成功する経営者には、一度決めたことを最後までやり切る強さがあります。日々の業務において取捨選択はしているはずです。しかし、いったん「やる」と決めたら、そこに全力を注ぎます。現場が及び腰になっても、コストが膨らんでも、決してブレません。

例に挙げた経営者が実施した「シンジケートローン」は、組成に大きな手間とコストがかかるものでした。実際、今回のシンジケートローン組成にかかったコストは、銀行への手数料だけで8000万円以上に上ります。

しかし、途中で見積もりが膨らんでも、経営者は「もう私はやると決めたのだから、やります」と言い切ったのです。コストがかかることを理解した上で、資金面の課題さえ解消すれば、自社は絶対にうまくいくという確信があったのでしょう。

いろいろなことに興味を持ち、素直に動く経営者は、ともすれば多動的で中途半端になりがちです。

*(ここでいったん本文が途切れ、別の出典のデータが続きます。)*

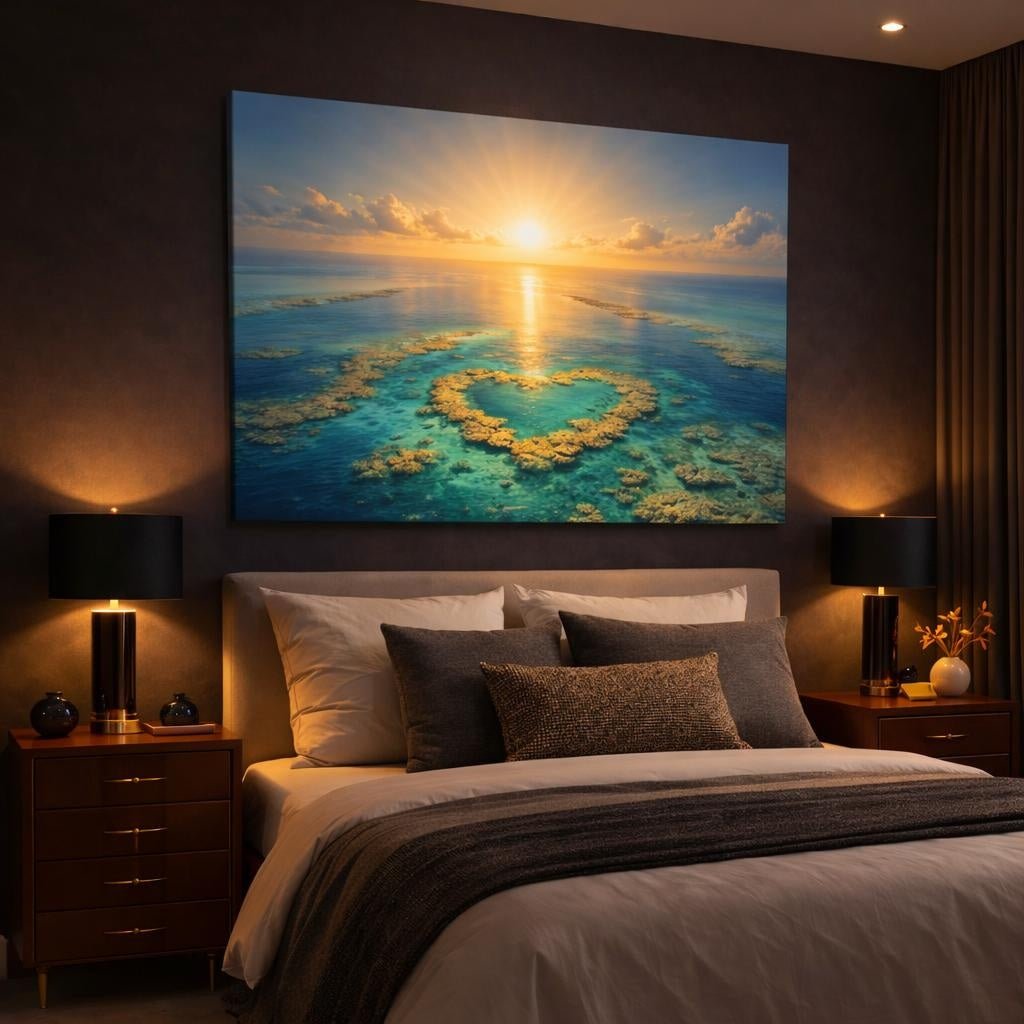 Light Balance Great Barrier Reef Coral Nature - Canvas Wall Art Print - YesArtYes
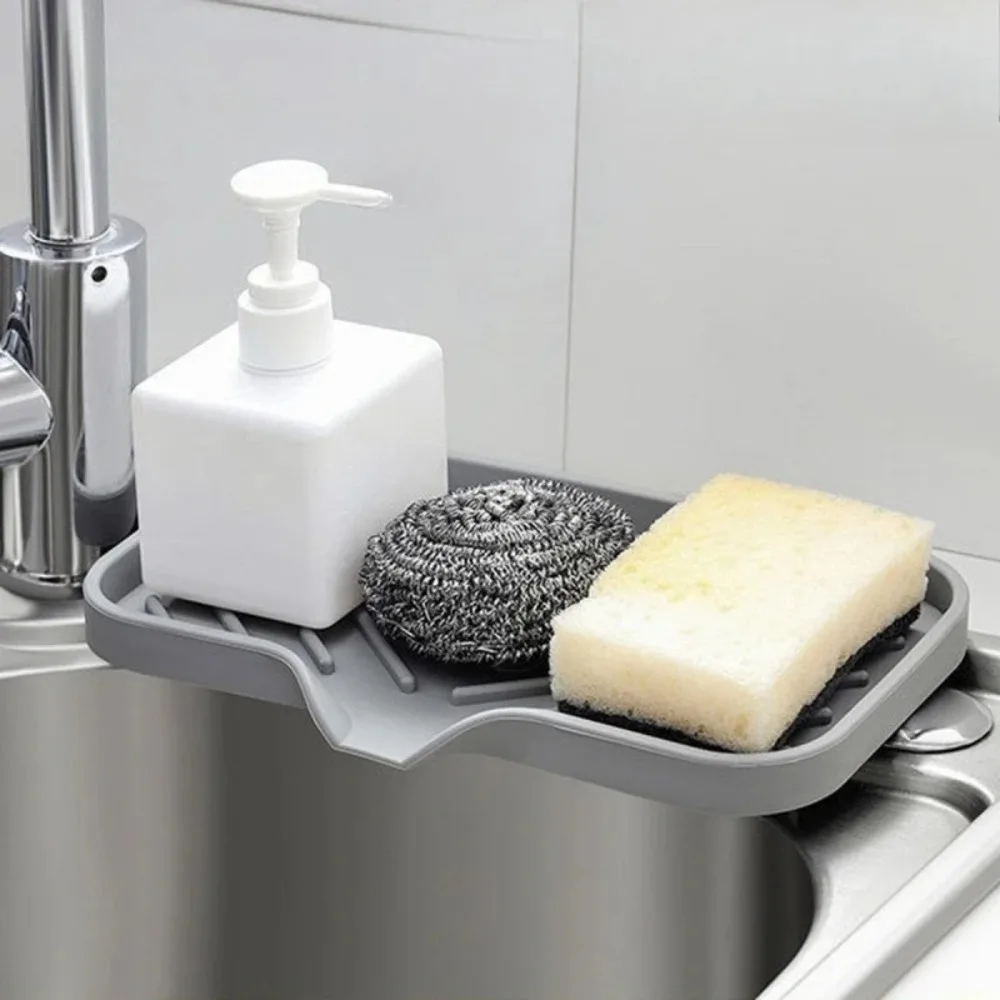 Selbstentleerender Seifenhalter aus Silikon für die Küchenspüle, Seifenschale, Schwammablage, Organizer für Spülmittelspender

しかし、大きな目標を成し遂げる社長は、最終的には一度決断したことを最後まで遂行する力があります。

トップ自身が「一度決めたことだから最後までやる」という姿勢を崩さなければ、社員は安心してついていくことができ、取引先や金融機関からも信頼を得ることができるのです。

チャンスが自然と集まる「3+1」の素質

船井総研では、成功する経営者の条件として、「プラス発想」「勉強好き」「素直」の3つを挙げています。

しかし、成功する経営者の共通項を深く追っていくと、もうひとつの要素が浮かびます。それは、「決めたら、やり切る力」です。

「プラス発想」「勉強好き」「素直」と、やりきる力。この3+1の素質が揃ったとき、経営者のもとに成功のチャンスが集まってくるのではないでしょうか。